WHAT THE TASK REQUIRES
In the records below, find every line that contains "hands" and list it.

DATASET CONTENT
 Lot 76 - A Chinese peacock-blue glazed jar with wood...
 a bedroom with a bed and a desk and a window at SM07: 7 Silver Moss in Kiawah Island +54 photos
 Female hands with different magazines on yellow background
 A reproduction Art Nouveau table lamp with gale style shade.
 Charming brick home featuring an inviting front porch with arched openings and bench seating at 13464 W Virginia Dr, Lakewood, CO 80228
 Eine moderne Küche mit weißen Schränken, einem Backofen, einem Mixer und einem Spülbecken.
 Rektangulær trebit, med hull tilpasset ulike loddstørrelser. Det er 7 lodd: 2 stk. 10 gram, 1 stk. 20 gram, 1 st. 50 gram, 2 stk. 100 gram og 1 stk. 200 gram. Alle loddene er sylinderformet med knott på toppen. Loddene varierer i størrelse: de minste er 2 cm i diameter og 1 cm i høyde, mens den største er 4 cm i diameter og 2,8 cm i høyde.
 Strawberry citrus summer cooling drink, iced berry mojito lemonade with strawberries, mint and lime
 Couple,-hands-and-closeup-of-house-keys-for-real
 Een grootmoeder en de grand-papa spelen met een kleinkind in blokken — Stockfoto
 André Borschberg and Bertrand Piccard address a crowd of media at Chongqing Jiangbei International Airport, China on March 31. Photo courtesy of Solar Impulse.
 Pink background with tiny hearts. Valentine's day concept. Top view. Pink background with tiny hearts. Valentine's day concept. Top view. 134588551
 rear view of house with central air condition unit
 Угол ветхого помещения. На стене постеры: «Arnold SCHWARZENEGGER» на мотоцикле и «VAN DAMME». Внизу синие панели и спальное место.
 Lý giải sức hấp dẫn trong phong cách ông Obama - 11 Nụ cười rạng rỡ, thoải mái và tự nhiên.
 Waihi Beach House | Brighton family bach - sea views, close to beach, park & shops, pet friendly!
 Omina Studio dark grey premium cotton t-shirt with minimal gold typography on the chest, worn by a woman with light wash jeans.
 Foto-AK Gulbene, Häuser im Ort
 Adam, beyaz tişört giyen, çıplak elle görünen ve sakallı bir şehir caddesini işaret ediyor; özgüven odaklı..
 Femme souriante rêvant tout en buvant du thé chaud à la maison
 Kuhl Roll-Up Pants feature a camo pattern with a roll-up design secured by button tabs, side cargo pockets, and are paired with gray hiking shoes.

RESPONSE TO THE TASK
 Female hands with different magazines on yellow background
 Couple,-hands-and-closeup-of-house-keys-for-real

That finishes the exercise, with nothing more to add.